# Other Aquarium Forums > Freshwater Fauna > Livebearers >  Poecilia reticulata var.

## CK Yeo

One of the scientific names that I can remember without having to check the internet for spelling.  :Grin: 

Anyway, got attracted to the mesmerizing colours of the guppy while at the LFS. For the price that I paid, I think it was quite worth it. After so long, it is still an aquarium staple with many more colours to choose from now. Any guppy keepers here?
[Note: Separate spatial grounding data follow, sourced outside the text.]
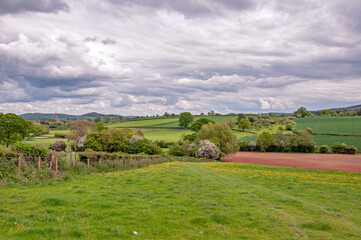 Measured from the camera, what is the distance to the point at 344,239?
8109mm

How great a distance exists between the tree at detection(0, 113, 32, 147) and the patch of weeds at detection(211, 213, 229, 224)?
7051 cm

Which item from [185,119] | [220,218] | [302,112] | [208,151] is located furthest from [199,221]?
[302,112]

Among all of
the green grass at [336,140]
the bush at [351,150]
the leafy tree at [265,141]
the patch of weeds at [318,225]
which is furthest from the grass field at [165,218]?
the green grass at [336,140]

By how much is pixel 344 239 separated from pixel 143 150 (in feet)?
204

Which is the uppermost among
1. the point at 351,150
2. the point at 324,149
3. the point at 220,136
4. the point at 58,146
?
the point at 220,136

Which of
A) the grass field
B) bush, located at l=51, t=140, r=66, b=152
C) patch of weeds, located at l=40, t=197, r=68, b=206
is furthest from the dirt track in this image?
bush, located at l=51, t=140, r=66, b=152

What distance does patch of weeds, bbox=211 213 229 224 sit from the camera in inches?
360

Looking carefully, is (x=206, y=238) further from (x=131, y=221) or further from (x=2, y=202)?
(x=2, y=202)

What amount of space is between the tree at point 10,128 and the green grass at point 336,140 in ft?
321

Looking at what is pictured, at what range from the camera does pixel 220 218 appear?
9.29 meters

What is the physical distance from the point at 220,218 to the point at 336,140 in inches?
3842

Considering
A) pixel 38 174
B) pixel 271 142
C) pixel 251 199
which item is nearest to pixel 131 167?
pixel 38 174

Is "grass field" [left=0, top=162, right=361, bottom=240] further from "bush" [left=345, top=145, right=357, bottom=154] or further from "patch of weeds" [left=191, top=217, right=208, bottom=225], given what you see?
"bush" [left=345, top=145, right=357, bottom=154]

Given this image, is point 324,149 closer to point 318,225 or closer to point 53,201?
point 318,225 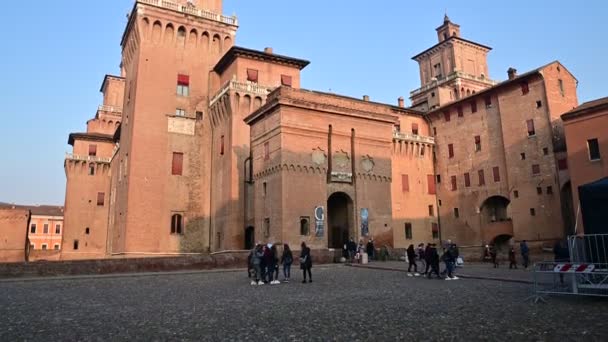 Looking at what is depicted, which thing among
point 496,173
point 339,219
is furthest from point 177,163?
point 496,173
Can anyone help me technically what is the below variety called?


ck
p.s. *gasp* I just realized that AQ don't have a guppy/endler subforum. God forbid!  :Shocked:  So where do all the guppy folks go then???

----------


## valice

Beautiful!  :Shocked:

----------


## benny

You want to head up that new guppy/live bearer section? Otherwise go to sgguppy.com or www.arofanatics.com's guppy section. By the way, the name is correct. But the variant may be subject to debate. Therefore, I just leave it the way you have named it. 
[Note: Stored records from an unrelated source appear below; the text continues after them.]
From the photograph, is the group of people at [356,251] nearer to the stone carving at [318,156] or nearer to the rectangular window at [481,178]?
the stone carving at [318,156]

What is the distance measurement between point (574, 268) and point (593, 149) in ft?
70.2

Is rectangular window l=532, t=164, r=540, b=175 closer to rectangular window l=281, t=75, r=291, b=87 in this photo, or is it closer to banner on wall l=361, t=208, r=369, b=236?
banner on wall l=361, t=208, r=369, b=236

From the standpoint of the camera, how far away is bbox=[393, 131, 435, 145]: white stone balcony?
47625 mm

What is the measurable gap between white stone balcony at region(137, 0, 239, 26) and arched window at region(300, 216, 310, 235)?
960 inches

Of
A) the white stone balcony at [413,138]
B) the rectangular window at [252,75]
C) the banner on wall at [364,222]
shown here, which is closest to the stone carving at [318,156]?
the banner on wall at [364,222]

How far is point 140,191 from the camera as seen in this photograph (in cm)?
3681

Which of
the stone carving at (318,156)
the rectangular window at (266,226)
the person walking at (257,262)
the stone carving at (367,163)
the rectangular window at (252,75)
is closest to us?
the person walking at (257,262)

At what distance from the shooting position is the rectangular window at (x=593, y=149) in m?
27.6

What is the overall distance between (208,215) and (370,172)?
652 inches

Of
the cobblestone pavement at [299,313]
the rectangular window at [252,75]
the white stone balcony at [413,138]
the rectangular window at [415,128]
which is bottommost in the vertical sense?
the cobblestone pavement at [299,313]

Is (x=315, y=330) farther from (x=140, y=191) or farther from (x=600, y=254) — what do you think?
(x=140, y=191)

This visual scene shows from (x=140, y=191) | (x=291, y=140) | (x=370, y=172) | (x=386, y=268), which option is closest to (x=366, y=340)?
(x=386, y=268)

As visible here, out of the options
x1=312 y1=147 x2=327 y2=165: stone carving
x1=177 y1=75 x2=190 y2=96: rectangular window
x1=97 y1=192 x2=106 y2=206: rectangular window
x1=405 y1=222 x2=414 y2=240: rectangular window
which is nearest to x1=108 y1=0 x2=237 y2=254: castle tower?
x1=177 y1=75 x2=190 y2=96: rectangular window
Anyway, good lighting, but picture seems a tad soft. Using high speed flash to 'blacken' the background?

Cheers,

----------


## trident

ck,
very beautifully shot  :Knockout:

----------


## juggler

CK: Nice shot.  :Well done: 

My kids suppose to be in charge of their low-tech guppy tank. But end up with me maintaining it. And they breed rather fast too.

----------


## CK Yeo

Thanks guys.

Benny, I will rather take it that there are no guppy fanatics in AQ.  :Grin:  Yes, the pic is not the best, I am still working on it provided the fish don't die on me first. The tail is OOF. Even then, you can see the gonopodium quite clearly.
I cheated on the background. It is touched up via photoshop. 

Koahfong, I know they will breed like rabbits, that's why I only bought the males. 

ck

----------


## CK Yeo

I vaguely remember guppies to be weak, die easily and super fastidious when I was younger. It kept me off them for all these years. These ones changed my impression completely. I half expected they will die when I bought them that day. But so far, they seem to be quite easy to maintain and I have not done anything special for their water yet.

...anyway, another fish with more orange colour in a kodak moment.


The reddish tail didn't come out that well for this one.


ck

----------


## DazzleDiscus

CK Yeo- great job on the photos! I havn't seen really good pics of guppies like these in a long time! ...do you think you can take a pic of a golden snakeskin variety? They are my favorite.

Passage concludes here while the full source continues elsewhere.